## [Task description]
Your answer should be the lines below from the one with "Калибр патрона автомата" to the one with "Real Estate Taxes", both included, given again exactly and with nothing added.

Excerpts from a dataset
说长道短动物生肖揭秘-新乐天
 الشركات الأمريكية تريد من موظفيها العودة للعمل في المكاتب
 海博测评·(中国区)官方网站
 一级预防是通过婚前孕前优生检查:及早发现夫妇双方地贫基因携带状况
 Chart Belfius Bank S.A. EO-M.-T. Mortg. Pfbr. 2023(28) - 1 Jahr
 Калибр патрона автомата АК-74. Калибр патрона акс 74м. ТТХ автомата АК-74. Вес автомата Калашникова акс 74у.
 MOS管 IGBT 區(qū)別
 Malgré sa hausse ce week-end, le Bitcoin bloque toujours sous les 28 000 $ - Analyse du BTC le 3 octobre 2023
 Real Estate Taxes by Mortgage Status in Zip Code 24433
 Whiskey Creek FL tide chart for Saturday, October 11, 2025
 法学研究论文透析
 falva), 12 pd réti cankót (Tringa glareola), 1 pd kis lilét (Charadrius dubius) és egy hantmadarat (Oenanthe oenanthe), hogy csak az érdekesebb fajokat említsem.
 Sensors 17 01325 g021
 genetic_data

## [Written response]
 Калибр патрона автомата АК-74. Калибр патрона акс 74м. ТТХ автомата АК-74. Вес автомата Калашникова акс 74у.
 MOS管 IGBT 區(qū)別
 Malgré sa hausse ce week-end, le Bitcoin bloque toujours sous les 28 000 $ - Analyse du BTC le 3 octobre 2023
 Real Estate Taxes by Mortgage Status in Zip Code 24433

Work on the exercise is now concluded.